[Data provided — start]

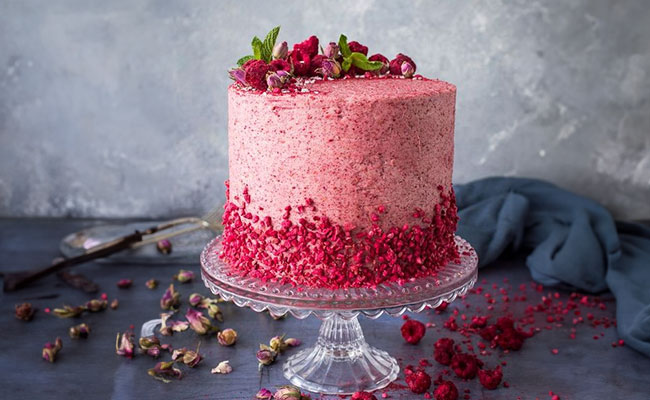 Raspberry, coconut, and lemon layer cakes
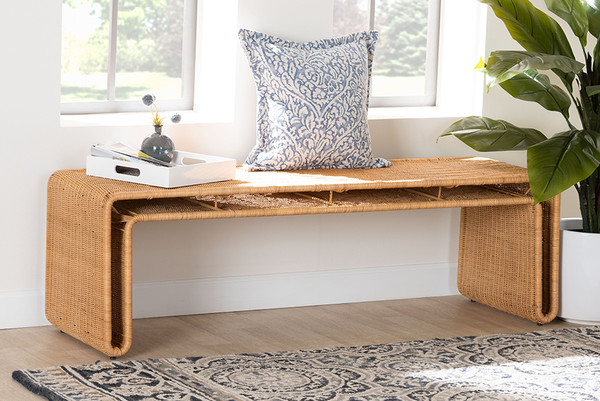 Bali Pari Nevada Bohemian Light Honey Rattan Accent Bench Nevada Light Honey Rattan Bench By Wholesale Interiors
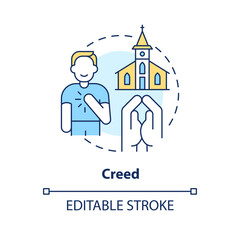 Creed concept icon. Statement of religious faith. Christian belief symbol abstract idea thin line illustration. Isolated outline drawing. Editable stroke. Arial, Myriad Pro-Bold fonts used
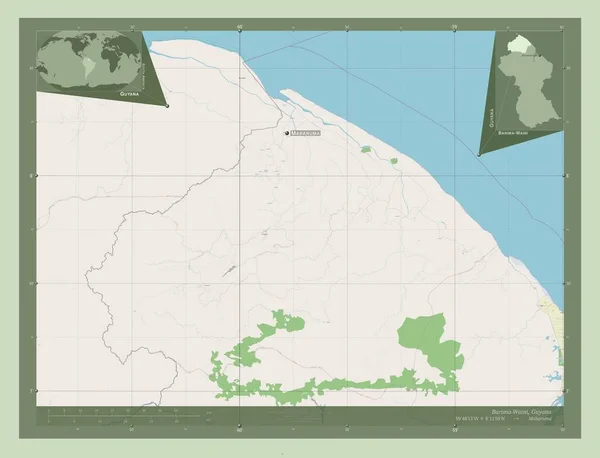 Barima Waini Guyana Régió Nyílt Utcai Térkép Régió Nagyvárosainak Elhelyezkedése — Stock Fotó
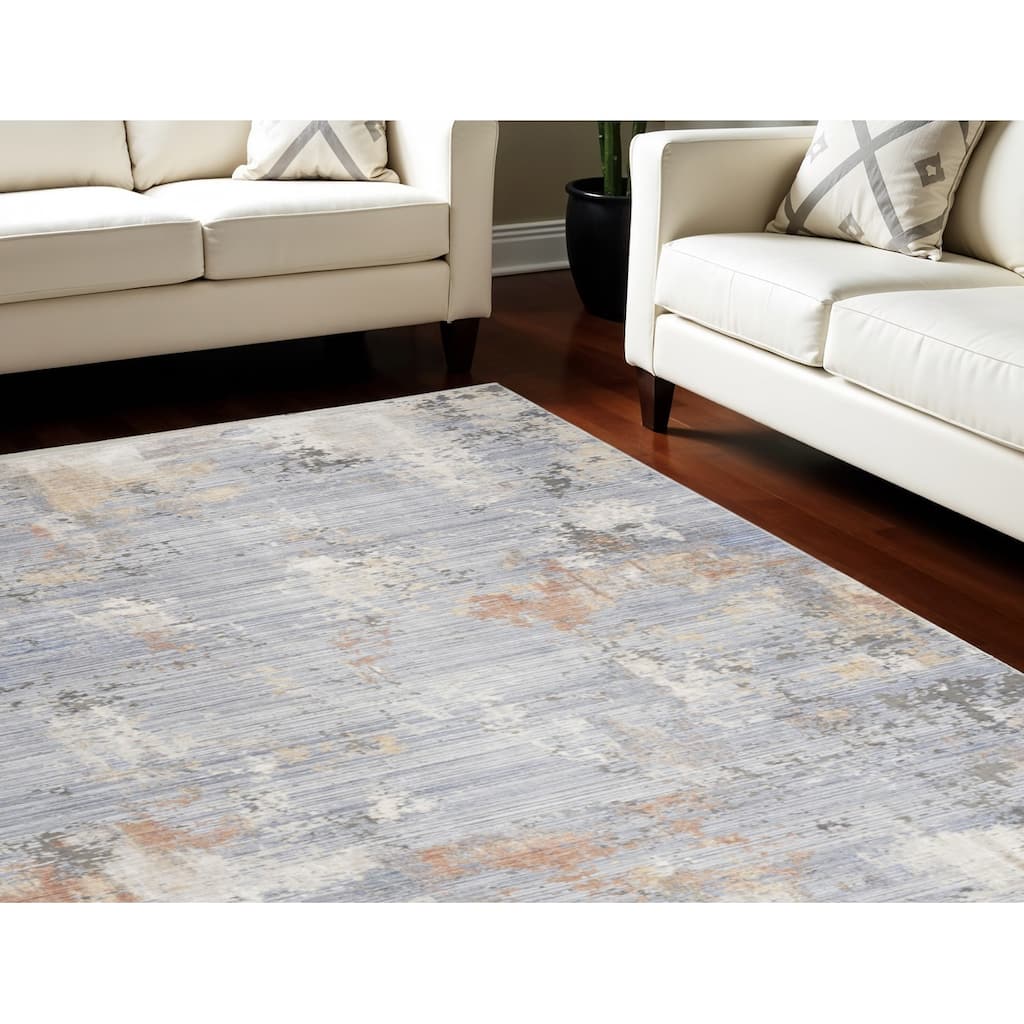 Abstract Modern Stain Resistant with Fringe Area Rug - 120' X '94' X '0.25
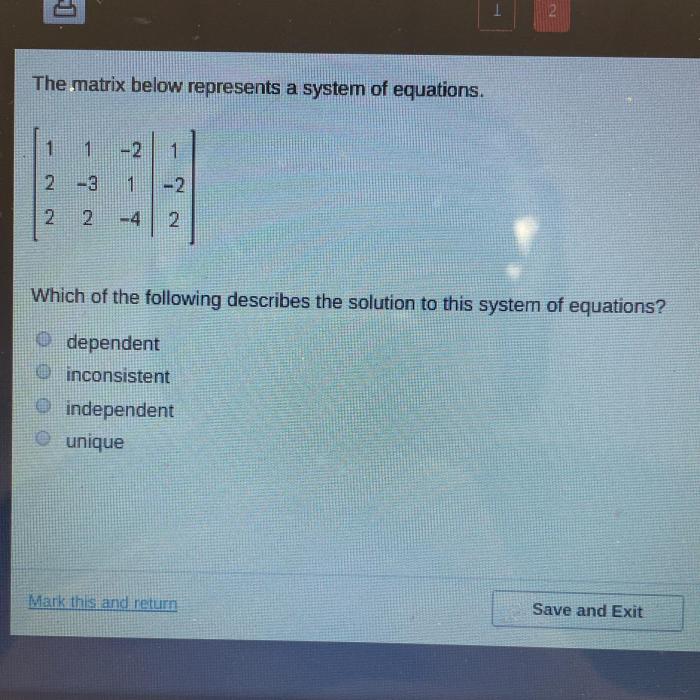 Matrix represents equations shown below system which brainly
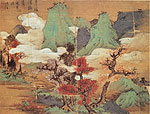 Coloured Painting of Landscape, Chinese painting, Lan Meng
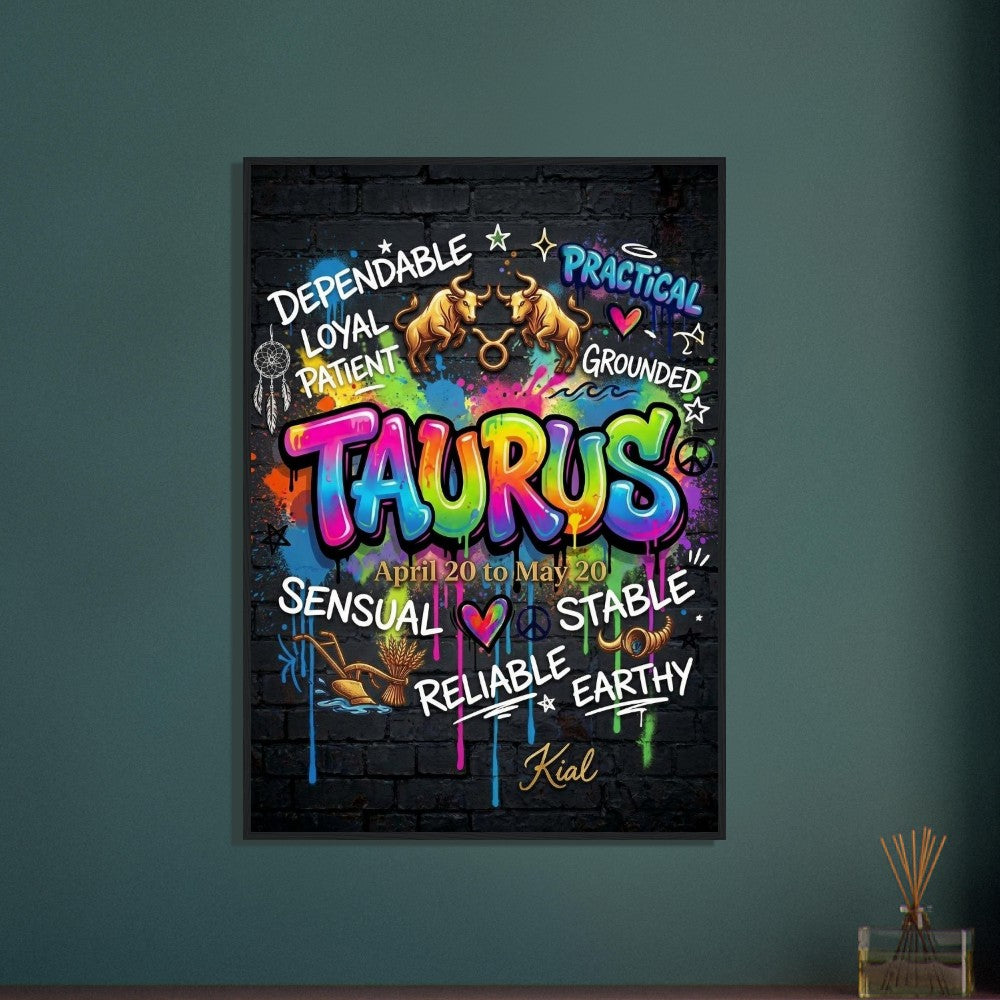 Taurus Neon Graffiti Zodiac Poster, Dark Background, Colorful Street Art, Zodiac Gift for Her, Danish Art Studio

[Data provided — finish]

The copy should hold exactly the lines above from the one with "Bali Pari Nevada" through the one with "Creed concept icon.", both ends counted, and no pictures at all.

 Bali Pari Nevada Bohemian Light Honey Rattan Accent Bench Nevada Light Honey Rattan Bench By Wholesale Interiors
 Creed concept icon. Statement of religious faith. Christian belief symbol abstract idea thin line illustration. Isolated outline drawing. Editable stroke. Arial, Myriad Pro-Bold fonts used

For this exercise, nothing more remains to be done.